Lie, Deny, Defy -- Then Denzel Washington Could No Longer Could Fly

One of the blessings of my retirement is I can do pretty much whatever I want. Like yesterday, I watched a movie called Flight   (https://en.wikipedia.org/wiki/Flight_(2012_film)#Plot). I didn't know it was a movie about addiction until I watched it. If you haven't seen it, do. It will make your day.

Denzel Washington is a pilot who heroically saves his commercial flight from crashing. Only six died instead of everyone. What the viewer knows
and what a few around Denzel know is he drank vodka before and during the flight.

He is hospitalized, and while there tests positive for alcohol. The results get squelched. When he is well, he visits a flight attendant who was once his friend, and his copilot who was paralyzed in the crash landing, and sweet talks them out of testifying against him.

He finds a new girlfriend, a recovering heroin addict. She convinces him to attend an A.A. meeting with her. When the speaker talks about how he used to lie, Denzel's conscience leads him to walk out. His continuing substance abuse later leads her to walk out on him.

I hate to ruin the ending, but it isn't the ending that makes this movie so good. It's the coverups, the denials, the lies, the enablers that are familiar to many of us. The night before his NTSB hearing, Denzel, despite a guard posted outside his hotel room, gets his hands on some hooch, wrecks his room, and wakes to that too-familiar daze. His union advocates "sober" him up with cocaine, and he makes it to the hearing. The lying continues until, just as it appears he will be exonerated due to a lack of evidence, the lies stop. At last, he admits he has a drinking problem. He confesses he was drunk when the plane crashed.

Denzel goes to prison, and we glimpse the A.A. Promises taking effect on him. He delivers a moving speech to his fellow inmates. I will transcribe it from the movie because the message is so worthwhile:

"That was it. I was finished. I was done. It was as if I had reached my life-long limit of lies. I could not tell one more lie. Maybe I'm a sucker, cos if I had told just one more lie I could've walked away from all that mess, kept my wings, kept my false sense of pride. And more importantly, I could've avoided being locked up here with all you (pause) nice folks for the last 13 months....

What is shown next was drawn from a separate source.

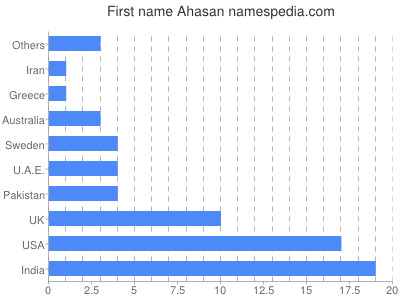 prenom Ahasan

"I've had a lot of time to think about it -- all of it.... I wrote letters to each of the families that lost loved ones. (Step 9) Some of them were able to hear my apology. Some of them never will.

"I also apologize to all the people who tried to help me along the way, but I couldn't or wouldn't listen. People like my wife -- my ex-wife -- and, uh, my son.... But at least I'm sober. I thank God for that. I'm grateful for that.

"And this is going to sound real stupid coming from a man who is locked up in prison. But for the first time in my life, I'm free."